**Try it:** Return the lines of the material below exactly, beginning with the line that has "PHONY LOVE, HEYE Puzzle von Hugo Prades" in it and finishing with the line that has "バック ブランド 【ローン48回払い無金利】【中古】" in it. Leave all pictures aside.

++++ Dataset excerpts ++++

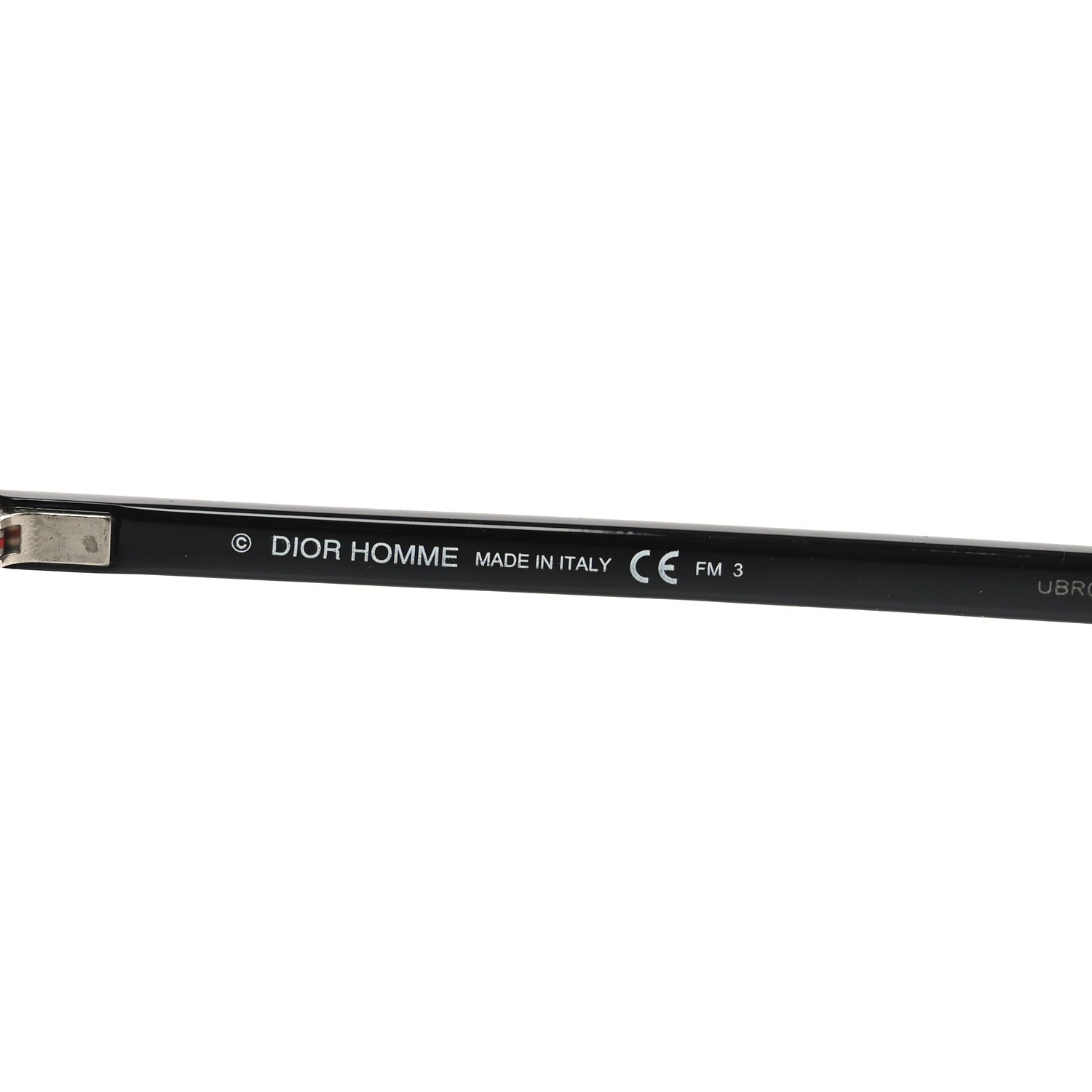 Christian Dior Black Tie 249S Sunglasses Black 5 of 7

++++
++++ Dataset excerpts ++++

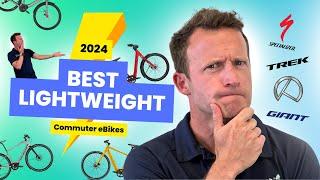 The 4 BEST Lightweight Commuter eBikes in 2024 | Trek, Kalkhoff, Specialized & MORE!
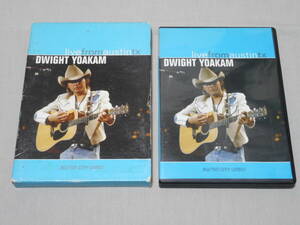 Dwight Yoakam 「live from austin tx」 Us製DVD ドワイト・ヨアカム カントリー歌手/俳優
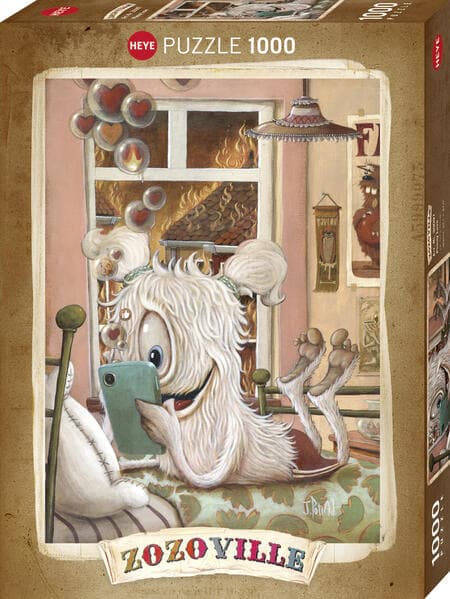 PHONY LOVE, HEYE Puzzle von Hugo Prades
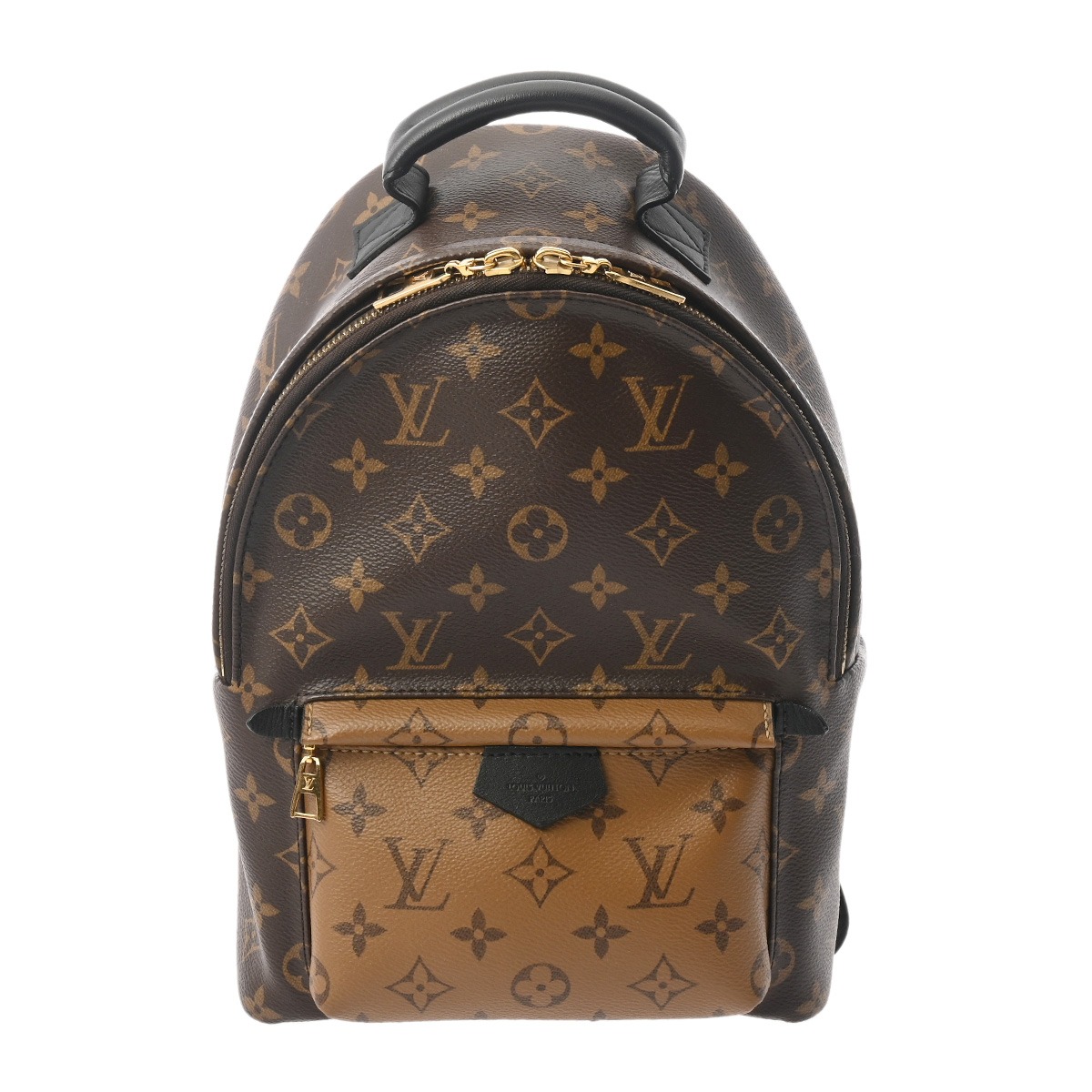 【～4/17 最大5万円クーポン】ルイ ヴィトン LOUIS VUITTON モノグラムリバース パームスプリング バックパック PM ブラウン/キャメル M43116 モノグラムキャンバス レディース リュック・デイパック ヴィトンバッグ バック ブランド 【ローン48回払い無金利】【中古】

++++

**Your response:**
 PHONY LOVE, HEYE Puzzle von Hugo Prades
 【～4/17 最大5万円クーポン】ルイ ヴィトン LOUIS VUITTON モノグラムリバース パームスプリング バックパック PM ブラウン/キャメル M43116 モノグラムキャンバス レディース リュック・デイパック ヴィトンバッグ バック ブランド 【ローン48回払い無金利】【中古】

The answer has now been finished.